Work to be completed: In your copy, the records appear word for word and the pictures do not appear at all.

[Caption-style text data]
::::

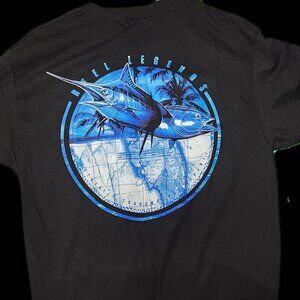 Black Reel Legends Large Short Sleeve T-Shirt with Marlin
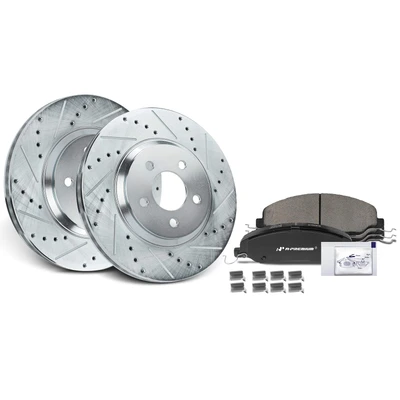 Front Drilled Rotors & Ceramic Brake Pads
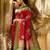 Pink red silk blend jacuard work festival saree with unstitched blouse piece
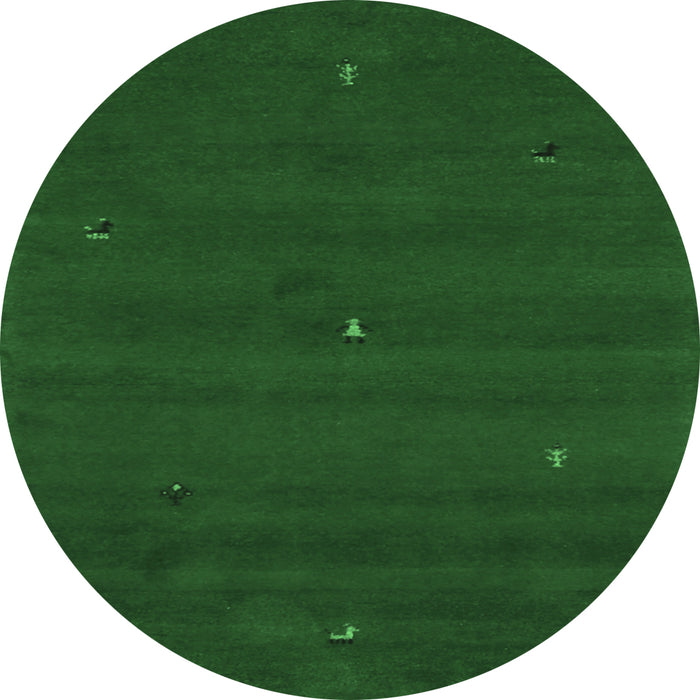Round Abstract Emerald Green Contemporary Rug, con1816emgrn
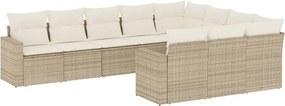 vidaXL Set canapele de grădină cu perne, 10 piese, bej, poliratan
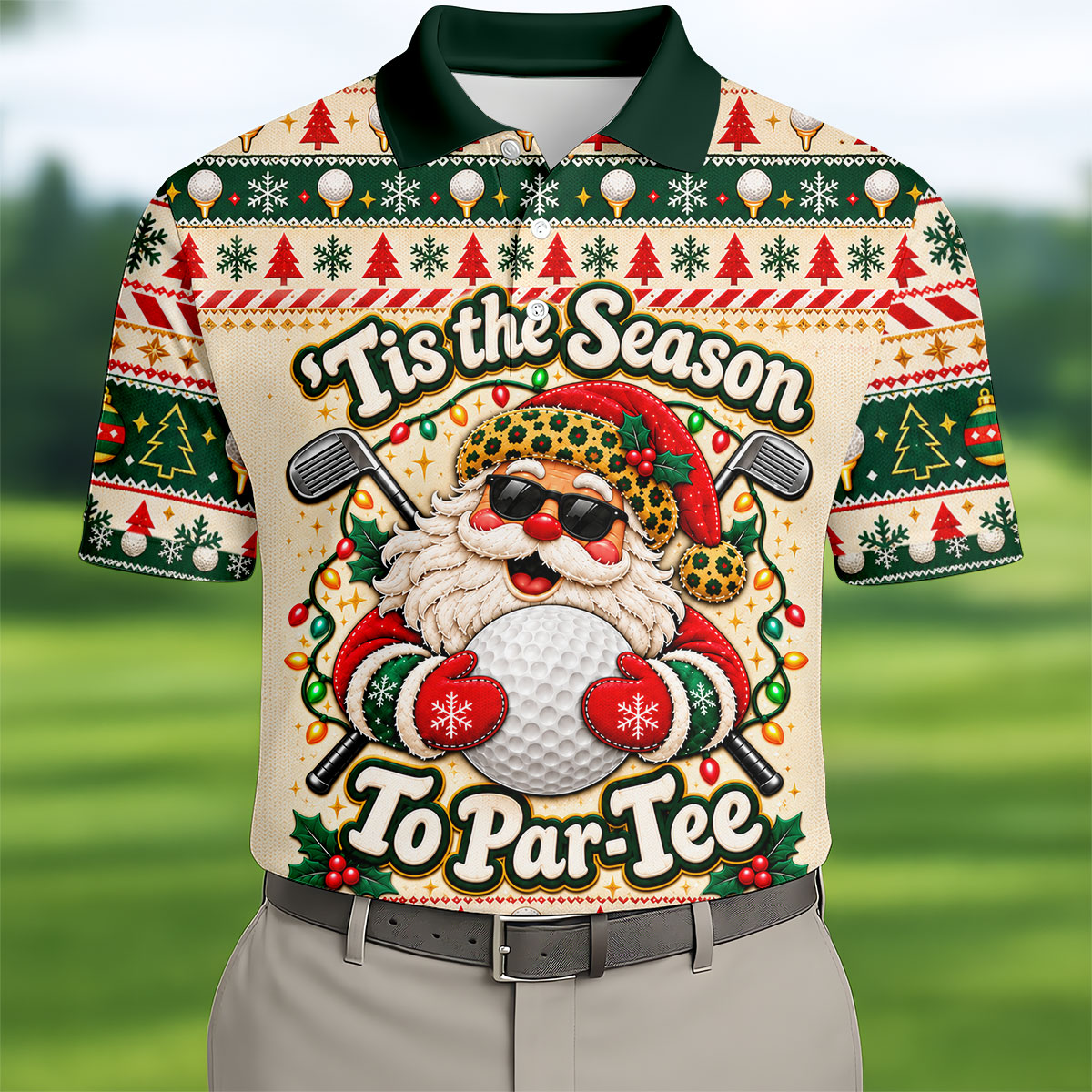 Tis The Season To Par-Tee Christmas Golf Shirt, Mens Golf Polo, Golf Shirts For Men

::::

Output below:
 Black Reel Legends Large Short Sleeve T-Shirt with Marlin
 Front Drilled Rotors & Ceramic Brake Pads
 Pink red silk blend jacuard work festival saree with unstitched blouse piece
Round Abstract Emerald Green Contemporary Rug, con1816emgrn
 vidaXL Set canapele de grădină cu perne, 10 piese, bej, poliratan
 Tis The Season To Par-Tee Christmas Golf Shirt, Mens Golf Polo, Golf Shirts For Men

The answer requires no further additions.